Plusieurs groupes ont été à l’origine de telles discussions : je me souviens notamment de la tenue, sur l’initiative du groupe RDSE, d’un débat sur le thème : « La ruralité, une chance pour la France. » En mars dernier, le même groupe a pris l’initiative d’un autre débat, qui visait à dresser le bilan des dispositifs de soutien aux territoires ruraux les plus fragiles. Plus récemment encore, la délégation aux collectivités territoriales de la Haute Assemblée a organisé un colloque sur le rôle des collectivités territoriales comme levier de développement pour la ruralité.

Toutes ces initiatives témoignent à l’évidence du vif intérêt que vous portez à ce sujet. Je ne puis que me réjouir que nous ayons cette préoccupation en commun.

Avant de vous présenter les grandes lignes de l’agenda rural du Gouvernement, je tenais à vous faire part de quelques-unes de mes convictions les plus profondes en la matière.

Je crois tout d’abord que, pour donner corps à la notion de cohésion des territoires, ou d’aménagement du territoire, il faut cesser d’opposer les territoires entre eux et, notamment, les villes et les campagnes.

Je suis également convaincue qu’il est de notre devoir de battre en crèche certaines idées reçues qui ont cours au sujet des territoires ruraux.

On entend ainsi trop souvent dire que les Français privilégient toujours la ville au détriment de la campagne. C’est inexact : aujourd’hui, comme la presse l’a relevé, les territoires ruraux accueillent plus de nouveaux habitants que les villes. Non seulement l’exode rural est terminé, mais on observe désormais un phénomène inverse : les campagnes gagnent chaque année 100 000 habitants.

Je m’empresse de préciser – nous l’avons tous ici constaté – que ces nouveaux habitants ont des demandes importantes quand ils décident de renouer avec la ruralité. C’est un vrai enjeu.

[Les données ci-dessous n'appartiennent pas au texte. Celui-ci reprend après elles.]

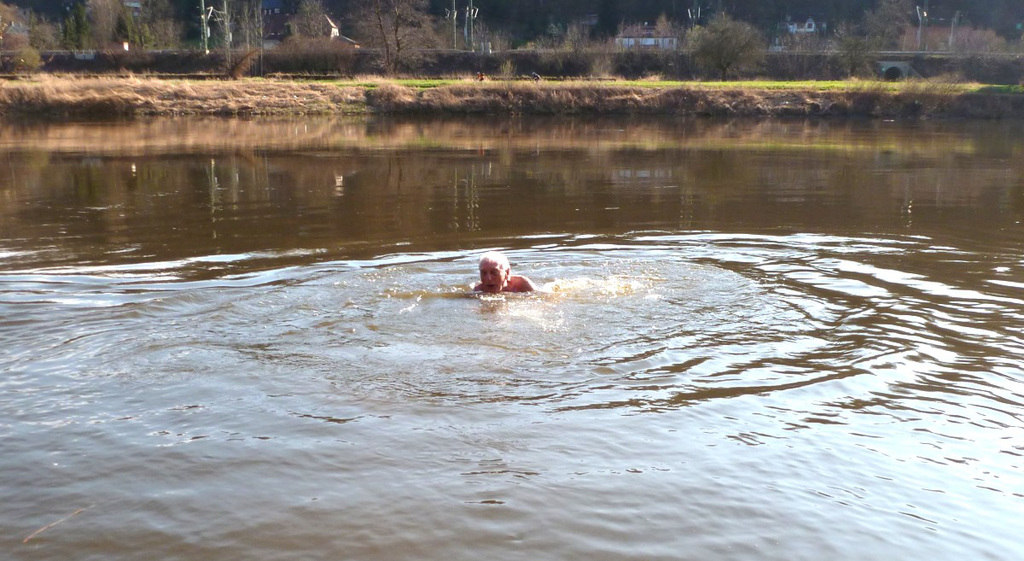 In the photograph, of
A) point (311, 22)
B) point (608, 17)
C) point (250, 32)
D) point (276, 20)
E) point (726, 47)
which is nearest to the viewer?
point (726, 47)

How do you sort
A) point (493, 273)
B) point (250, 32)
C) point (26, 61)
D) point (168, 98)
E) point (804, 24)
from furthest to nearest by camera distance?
point (804, 24) → point (250, 32) → point (26, 61) → point (168, 98) → point (493, 273)

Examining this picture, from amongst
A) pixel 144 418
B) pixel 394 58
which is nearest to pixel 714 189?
pixel 144 418

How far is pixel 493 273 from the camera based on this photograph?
9836 mm

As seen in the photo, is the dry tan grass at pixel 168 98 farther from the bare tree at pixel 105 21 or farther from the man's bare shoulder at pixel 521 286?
the man's bare shoulder at pixel 521 286

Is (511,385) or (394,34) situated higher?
(394,34)

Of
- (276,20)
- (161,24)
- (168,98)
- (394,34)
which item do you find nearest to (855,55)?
(394,34)

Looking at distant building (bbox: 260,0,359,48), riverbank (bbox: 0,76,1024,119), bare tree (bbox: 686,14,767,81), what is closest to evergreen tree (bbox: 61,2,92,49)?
distant building (bbox: 260,0,359,48)

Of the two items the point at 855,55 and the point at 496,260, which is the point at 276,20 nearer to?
the point at 855,55

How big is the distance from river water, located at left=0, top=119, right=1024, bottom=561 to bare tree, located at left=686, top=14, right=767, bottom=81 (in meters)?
49.4

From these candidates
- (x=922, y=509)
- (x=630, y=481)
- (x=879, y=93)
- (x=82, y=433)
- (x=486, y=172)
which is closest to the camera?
(x=922, y=509)

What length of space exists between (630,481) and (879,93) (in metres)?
51.9

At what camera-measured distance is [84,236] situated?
13609mm

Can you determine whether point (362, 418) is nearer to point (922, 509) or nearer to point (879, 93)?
point (922, 509)

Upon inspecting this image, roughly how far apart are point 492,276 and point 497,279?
7cm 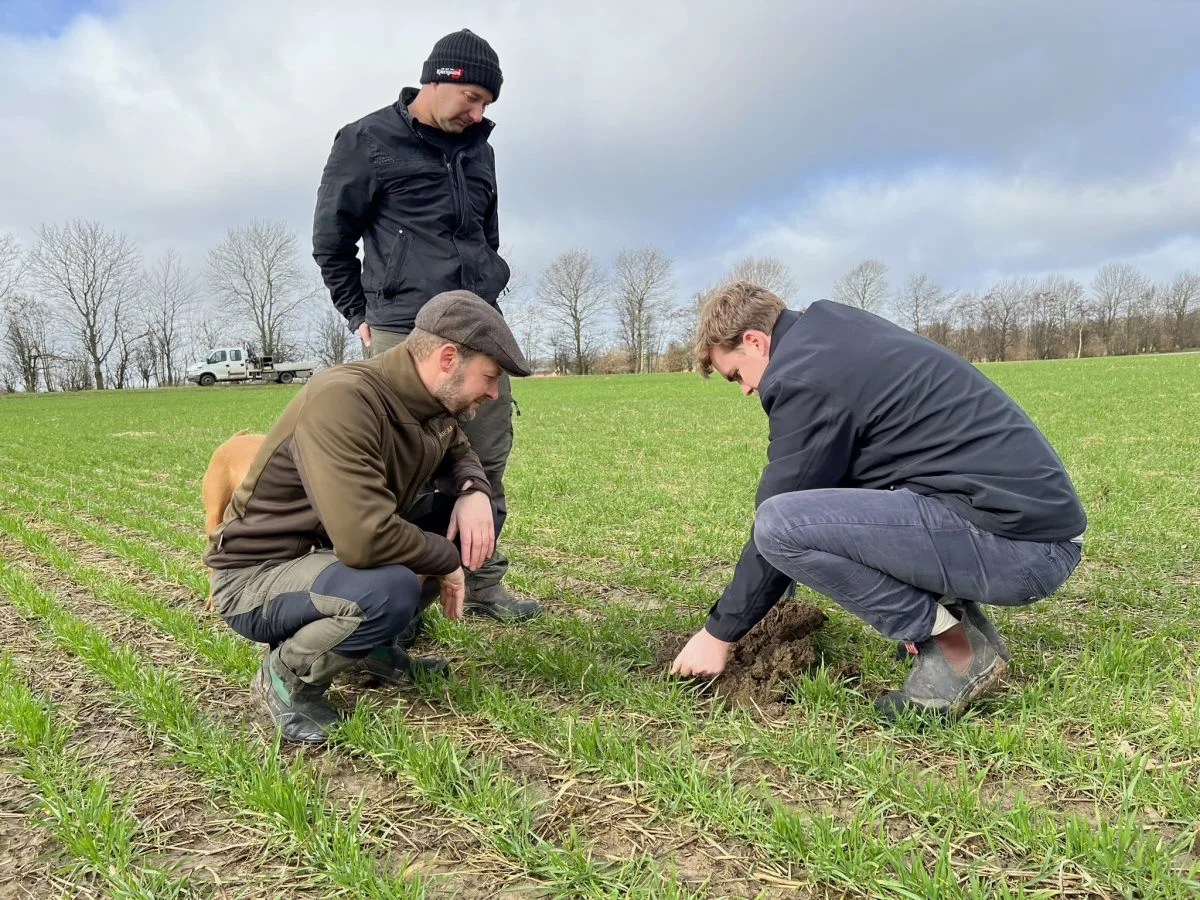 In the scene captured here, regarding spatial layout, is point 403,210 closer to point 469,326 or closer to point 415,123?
point 415,123

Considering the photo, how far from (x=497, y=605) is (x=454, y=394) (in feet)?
6.21

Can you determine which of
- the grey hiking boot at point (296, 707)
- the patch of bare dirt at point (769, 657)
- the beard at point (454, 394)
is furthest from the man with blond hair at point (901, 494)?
the grey hiking boot at point (296, 707)

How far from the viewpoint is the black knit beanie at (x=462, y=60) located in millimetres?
3982

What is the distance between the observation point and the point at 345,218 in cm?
434

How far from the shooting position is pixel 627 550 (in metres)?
6.11

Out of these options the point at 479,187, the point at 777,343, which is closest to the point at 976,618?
the point at 777,343

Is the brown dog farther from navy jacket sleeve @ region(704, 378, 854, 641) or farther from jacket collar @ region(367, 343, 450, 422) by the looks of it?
navy jacket sleeve @ region(704, 378, 854, 641)

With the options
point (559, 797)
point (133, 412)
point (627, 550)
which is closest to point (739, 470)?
point (627, 550)

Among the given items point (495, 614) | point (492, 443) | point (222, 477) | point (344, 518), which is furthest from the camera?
point (492, 443)

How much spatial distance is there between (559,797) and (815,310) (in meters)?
1.94

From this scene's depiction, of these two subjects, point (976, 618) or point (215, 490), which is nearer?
point (976, 618)

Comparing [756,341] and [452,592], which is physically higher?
[756,341]

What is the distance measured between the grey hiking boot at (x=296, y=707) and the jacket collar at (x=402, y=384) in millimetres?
1053

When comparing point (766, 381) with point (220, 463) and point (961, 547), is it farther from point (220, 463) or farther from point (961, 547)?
point (220, 463) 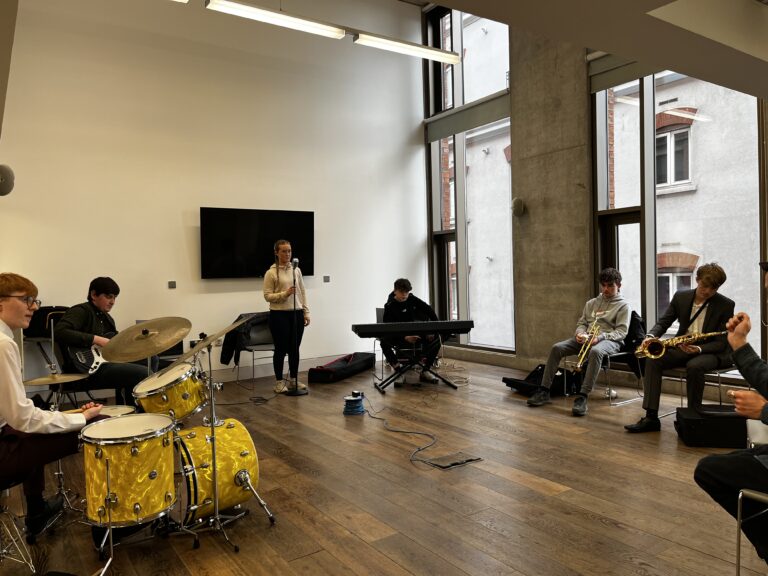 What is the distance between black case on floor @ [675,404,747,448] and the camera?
399 centimetres

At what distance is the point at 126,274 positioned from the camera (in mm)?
6383

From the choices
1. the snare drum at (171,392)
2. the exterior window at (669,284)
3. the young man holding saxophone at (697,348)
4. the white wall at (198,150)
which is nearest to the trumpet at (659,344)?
the young man holding saxophone at (697,348)

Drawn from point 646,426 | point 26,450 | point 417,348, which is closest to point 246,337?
Answer: point 417,348

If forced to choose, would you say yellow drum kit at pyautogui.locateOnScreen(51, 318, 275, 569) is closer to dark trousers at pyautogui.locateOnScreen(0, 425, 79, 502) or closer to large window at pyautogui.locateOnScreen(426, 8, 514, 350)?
dark trousers at pyautogui.locateOnScreen(0, 425, 79, 502)

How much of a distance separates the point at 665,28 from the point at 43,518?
4085mm

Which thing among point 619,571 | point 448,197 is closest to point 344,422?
point 619,571

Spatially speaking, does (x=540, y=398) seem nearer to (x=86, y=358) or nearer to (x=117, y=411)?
Answer: (x=117, y=411)

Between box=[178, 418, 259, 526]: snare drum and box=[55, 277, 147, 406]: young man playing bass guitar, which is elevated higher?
box=[55, 277, 147, 406]: young man playing bass guitar

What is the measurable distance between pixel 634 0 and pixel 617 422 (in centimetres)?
324

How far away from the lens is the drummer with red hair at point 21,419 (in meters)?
2.39

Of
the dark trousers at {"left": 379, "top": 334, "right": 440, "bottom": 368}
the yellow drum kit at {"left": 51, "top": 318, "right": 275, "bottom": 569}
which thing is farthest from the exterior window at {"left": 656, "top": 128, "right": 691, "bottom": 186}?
the yellow drum kit at {"left": 51, "top": 318, "right": 275, "bottom": 569}

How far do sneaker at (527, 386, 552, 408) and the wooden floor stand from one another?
1.41 feet

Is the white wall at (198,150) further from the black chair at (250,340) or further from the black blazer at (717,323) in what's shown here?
the black blazer at (717,323)

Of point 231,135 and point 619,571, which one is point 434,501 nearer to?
point 619,571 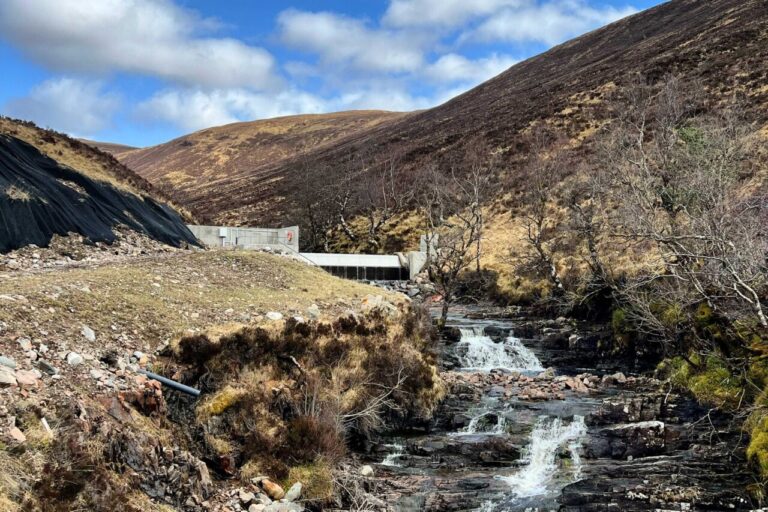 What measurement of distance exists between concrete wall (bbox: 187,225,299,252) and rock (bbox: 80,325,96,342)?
21.1m

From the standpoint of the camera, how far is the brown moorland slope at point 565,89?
2035 inches

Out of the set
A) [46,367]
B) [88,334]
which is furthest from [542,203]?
[46,367]

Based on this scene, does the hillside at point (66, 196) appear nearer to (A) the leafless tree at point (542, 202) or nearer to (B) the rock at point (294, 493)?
(B) the rock at point (294, 493)

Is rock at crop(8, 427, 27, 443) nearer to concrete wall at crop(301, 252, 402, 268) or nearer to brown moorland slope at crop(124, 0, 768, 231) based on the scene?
concrete wall at crop(301, 252, 402, 268)

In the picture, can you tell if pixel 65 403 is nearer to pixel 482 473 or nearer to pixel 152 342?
pixel 152 342

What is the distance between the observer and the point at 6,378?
24.8 feet

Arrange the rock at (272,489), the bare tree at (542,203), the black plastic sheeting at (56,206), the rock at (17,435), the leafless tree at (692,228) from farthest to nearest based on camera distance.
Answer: the bare tree at (542,203) < the black plastic sheeting at (56,206) < the leafless tree at (692,228) < the rock at (272,489) < the rock at (17,435)

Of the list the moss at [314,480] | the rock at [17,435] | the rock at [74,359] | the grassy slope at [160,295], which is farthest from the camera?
the grassy slope at [160,295]

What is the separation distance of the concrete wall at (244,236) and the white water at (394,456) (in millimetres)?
20025

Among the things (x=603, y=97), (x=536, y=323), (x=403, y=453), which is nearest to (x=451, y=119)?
(x=603, y=97)

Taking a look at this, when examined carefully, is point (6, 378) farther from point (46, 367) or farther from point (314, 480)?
point (314, 480)

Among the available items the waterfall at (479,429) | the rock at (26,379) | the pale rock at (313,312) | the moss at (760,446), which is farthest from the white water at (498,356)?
the rock at (26,379)

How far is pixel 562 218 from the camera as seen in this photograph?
39594 mm

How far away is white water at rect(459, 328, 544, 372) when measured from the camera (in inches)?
856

Selon une autre idée reçue, les territoires ruraux seraient des territoires paupérisés en voie de relégation. Certes, je ne nie pas les difficultés de certains territoires, que je connais d’ailleurs très bien. J’estime néanmoins qu’il faut également réaffirmer la richesse et la potentialité de ces territoires, ainsi, plus largement, que la pluralité des ruralités. Certaines se portent mieux que d’autres, et, à l’évidence, il faut aider celles qui rencontrent le plus de difficultés.

Une telle vision des territoires ruraux, essentielle pour la cohésion territoriale et l’aménagement du territoire, est portée par le Gouvernement au travers de son agenda rural. Celui-ci exprime un engagement pris par le Président de la République en réponse à une demande de l’Association des maires ruraux de France (AMRF) et surtout de son président, Vanik Berberian, que je tiens à saluer.

Au-delà du projet national, il est important de rappeler que cet agenda rural est également un projet européen. En novembre 2018, le Parlement européen a en effet adopté une résolution appelant la Commission et le Conseil à mettre en place un agenda rural européen. La France a été le premier État membre à soutenir cette démarche et à la mettre en œuvre à l’échelon national.

C’est dans ce contexte que j’ai mis en place une mission composée d’élus ruraux. J’ai souhaité m’appuyer sur leur expérience et sur leurs propositions, avec l’objectif, à la fois simple et complexe, d’améliorer la vie quotidienne des habitants des territoires ruraux.

Après plusieurs mois de travaux, ces élus m’ont remis un rapport où figuraient 200 propositions. Le Gouvernement s’est appuyé sur ces recommandations pour élaborer l’agenda rural annoncé par le Premier ministre le 20 septembre dernier à l’occasion du congrès de l’AMRF à Eppe-Sauvage, dans le Nord.

Mesdames, messieurs les sénateurs, cet agenda rural est le premier plan d’action mené par un gouvernement en faveur des ruralités à regrouper des enjeux aussi larges que la transition écologique, l’agriculture, l’éducation, la santé, la formation, l’emploi, le développement économique et la culture.

Plus encore, il s’agit du premier plan d’action à destination des territoires ruraux qui ait été élaboré en partant du terrain et des propositions d’élus, et non d’idées préconçues et imposées depuis l’échelon national. Il inaugure en cela le commencement d’une nouvelle politique publique : ce sera la politique des ruralités, qui a tout autant le droit d’exister que la politique de la ville, menée depuis quarante ans.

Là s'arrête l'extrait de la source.